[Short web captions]

────────────────────────────────────────

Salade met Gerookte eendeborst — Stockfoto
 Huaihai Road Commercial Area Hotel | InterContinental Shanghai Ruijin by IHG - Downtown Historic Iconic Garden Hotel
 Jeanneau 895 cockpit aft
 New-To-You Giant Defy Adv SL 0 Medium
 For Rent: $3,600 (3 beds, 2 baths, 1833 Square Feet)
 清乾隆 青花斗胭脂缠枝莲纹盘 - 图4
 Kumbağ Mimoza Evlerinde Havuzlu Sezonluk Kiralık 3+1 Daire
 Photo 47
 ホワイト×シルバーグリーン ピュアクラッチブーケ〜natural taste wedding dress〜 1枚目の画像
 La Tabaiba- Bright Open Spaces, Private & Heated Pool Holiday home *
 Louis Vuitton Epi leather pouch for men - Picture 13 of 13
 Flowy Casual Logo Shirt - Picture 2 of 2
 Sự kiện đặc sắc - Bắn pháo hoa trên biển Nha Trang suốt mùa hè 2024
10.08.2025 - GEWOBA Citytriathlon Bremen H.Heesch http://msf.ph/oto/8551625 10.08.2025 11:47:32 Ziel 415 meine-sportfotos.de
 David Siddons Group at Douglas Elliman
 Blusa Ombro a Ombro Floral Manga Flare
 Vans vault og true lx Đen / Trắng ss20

────────────────────────────────────────

Aim of the exercise
Where a line above contains the word "Picture", show that line.

Response to this exercise
 Louis Vuitton Epi leather pouch for men - Picture 13 of 13
 Flowy Casual Logo Shirt - Picture 2 of 2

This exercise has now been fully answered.